Material to process section start
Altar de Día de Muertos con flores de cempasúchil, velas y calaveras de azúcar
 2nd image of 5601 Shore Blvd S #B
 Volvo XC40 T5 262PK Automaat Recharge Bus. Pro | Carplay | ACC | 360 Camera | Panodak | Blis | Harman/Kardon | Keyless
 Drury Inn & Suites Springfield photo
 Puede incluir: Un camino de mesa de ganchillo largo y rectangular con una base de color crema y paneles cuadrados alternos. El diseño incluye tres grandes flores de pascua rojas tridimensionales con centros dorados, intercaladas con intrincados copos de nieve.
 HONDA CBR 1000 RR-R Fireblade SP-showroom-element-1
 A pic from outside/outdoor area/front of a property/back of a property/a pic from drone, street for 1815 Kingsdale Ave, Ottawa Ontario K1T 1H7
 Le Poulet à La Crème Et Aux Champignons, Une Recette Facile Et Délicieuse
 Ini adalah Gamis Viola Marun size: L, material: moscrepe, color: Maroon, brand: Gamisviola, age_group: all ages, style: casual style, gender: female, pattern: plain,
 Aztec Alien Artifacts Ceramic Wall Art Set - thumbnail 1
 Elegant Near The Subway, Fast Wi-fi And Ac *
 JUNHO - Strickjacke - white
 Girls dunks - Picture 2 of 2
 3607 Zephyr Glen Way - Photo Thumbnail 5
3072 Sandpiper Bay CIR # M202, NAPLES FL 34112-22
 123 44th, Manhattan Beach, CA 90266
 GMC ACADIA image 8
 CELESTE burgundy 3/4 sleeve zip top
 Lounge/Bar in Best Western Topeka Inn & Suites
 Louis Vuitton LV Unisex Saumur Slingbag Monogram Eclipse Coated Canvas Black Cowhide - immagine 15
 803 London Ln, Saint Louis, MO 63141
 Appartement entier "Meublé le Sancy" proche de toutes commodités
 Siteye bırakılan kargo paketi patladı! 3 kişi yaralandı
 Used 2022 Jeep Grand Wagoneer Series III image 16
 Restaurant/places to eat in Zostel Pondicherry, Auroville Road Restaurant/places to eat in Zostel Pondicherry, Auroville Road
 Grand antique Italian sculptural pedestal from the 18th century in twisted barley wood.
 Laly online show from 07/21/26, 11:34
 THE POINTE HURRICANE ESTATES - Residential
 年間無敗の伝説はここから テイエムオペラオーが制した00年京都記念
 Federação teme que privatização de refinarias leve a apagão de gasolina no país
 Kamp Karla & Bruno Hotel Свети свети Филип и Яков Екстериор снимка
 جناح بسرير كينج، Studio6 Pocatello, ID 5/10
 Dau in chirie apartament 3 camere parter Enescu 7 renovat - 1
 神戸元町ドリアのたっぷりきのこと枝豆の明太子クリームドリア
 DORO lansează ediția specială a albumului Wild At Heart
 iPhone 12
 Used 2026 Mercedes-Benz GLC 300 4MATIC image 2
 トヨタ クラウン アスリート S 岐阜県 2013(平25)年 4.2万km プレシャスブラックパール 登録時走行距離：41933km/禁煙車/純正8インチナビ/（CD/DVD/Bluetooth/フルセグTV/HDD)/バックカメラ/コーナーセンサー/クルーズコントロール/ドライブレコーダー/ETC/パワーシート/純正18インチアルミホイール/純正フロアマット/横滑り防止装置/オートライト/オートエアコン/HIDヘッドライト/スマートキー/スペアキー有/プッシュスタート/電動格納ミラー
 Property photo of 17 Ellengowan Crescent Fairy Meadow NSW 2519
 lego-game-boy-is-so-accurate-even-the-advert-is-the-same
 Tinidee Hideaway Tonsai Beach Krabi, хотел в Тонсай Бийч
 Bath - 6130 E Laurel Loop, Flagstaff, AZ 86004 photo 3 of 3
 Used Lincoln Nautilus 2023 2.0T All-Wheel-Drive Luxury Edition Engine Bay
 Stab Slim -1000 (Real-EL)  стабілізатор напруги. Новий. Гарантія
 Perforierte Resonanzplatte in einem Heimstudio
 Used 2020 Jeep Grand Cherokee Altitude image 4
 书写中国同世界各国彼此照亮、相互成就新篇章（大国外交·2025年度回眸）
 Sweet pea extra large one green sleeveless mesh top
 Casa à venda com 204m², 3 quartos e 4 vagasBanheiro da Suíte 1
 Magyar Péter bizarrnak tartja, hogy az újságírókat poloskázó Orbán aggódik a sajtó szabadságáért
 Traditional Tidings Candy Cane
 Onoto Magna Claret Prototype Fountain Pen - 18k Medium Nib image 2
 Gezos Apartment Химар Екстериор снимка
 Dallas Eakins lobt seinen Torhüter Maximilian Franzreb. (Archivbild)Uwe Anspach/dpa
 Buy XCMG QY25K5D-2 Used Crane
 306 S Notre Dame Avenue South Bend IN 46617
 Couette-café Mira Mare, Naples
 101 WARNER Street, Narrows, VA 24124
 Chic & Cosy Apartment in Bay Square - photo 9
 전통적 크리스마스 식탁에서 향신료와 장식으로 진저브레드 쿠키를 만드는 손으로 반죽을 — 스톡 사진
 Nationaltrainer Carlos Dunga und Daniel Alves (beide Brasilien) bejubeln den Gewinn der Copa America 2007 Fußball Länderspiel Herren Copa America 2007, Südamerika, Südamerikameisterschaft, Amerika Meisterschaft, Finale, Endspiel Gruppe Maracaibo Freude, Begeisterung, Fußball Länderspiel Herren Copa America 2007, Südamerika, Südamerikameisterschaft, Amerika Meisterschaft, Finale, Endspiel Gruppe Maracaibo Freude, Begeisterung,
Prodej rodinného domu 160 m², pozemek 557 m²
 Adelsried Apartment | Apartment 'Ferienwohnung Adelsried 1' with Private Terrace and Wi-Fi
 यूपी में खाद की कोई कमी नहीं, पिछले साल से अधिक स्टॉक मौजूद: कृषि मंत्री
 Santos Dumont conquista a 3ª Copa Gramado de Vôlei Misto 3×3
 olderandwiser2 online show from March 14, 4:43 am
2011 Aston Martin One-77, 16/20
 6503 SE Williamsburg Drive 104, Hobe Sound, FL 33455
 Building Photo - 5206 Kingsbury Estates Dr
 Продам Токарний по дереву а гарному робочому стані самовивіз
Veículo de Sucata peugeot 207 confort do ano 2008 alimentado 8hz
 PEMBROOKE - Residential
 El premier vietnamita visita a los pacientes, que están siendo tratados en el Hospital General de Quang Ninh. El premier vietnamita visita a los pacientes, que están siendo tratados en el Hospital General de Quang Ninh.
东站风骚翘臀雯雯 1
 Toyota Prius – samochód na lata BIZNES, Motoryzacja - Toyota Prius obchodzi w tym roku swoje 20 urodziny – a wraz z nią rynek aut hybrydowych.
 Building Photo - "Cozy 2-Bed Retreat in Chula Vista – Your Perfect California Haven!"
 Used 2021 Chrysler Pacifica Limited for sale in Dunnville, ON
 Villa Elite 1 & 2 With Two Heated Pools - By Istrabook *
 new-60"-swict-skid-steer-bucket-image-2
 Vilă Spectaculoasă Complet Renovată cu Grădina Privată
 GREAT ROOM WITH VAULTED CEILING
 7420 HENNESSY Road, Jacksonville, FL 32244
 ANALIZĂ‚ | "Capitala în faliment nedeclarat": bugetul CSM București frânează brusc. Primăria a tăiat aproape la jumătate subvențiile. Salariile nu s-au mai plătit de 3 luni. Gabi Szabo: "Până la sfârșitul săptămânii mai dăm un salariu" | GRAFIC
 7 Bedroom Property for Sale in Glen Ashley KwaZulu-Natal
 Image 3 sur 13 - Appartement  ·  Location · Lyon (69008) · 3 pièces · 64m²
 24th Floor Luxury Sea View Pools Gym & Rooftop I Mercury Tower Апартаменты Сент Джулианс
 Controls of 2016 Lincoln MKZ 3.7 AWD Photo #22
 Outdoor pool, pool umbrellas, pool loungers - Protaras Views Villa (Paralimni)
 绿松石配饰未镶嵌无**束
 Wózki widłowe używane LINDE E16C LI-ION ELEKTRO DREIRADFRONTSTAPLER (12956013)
Material to process section end
_What is required_.
Please retype the listing word for word, from its first line through the line containing "Used 2022 Jeep", and add nothing else.

_Reply to the exercise_.
Altar de Día de Muertos con flores de cempasúchil, velas y calaveras de azúcar
 2nd image of 5601 Shore Blvd S #B
 Volvo XC40 T5 262PK Automaat Recharge Bus. Pro | Carplay | ACC | 360 Camera | Panodak | Blis | Harman/Kardon | Keyless
 Drury Inn & Suites Springfield photo
 Puede incluir: Un camino de mesa de ganchillo largo y rectangular con una base de color crema y paneles cuadrados alternos. El diseño incluye tres grandes flores de pascua rojas tridimensionales con centros dorados, intercaladas con intrincados copos de nieve.
 HONDA CBR 1000 RR-R Fireblade SP-showroom-element-1
 A pic from outside/outdoor area/front of a property/back of a property/a pic from drone, street for 1815 Kingsdale Ave, Ottawa Ontario K1T 1H7
 Le Poulet à La Crème Et Aux Champignons, Une Recette Facile Et Délicieuse
 Ini adalah Gamis Viola Marun size: L, material: moscrepe, color: Maroon, brand: Gamisviola, age_group: all ages, style: casual style, gender: female, pattern: plain,
 Aztec Alien Artifacts Ceramic Wall Art Set - thumbnail 1
 Elegant Near The Subway, Fast Wi-fi And Ac *
 JUNHO - Strickjacke - white
 Girls dunks - Picture 2 of 2
 3607 Zephyr Glen Way - Photo Thumbnail 5
3072 Sandpiper Bay CIR # M202, NAPLES FL 34112-22
 123 44th, Manhattan Beach, CA 90266
 GMC ACADIA image 8
 CELESTE burgundy 3/4 sleeve zip top
 Lounge/Bar in Best Western Topeka Inn & Suites
 Louis Vuitton LV Unisex Saumur Slingbag Monogram Eclipse Coated Canvas Black Cowhide - immagine 15
 803 London Ln, Saint Louis, MO 63141
 Appartement entier "Meublé le Sancy" proche de toutes commodités
 Siteye bırakılan kargo paketi patladı! 3 kişi yaralandı
 Used 2022 Jeep Grand Wagoneer Series III image 16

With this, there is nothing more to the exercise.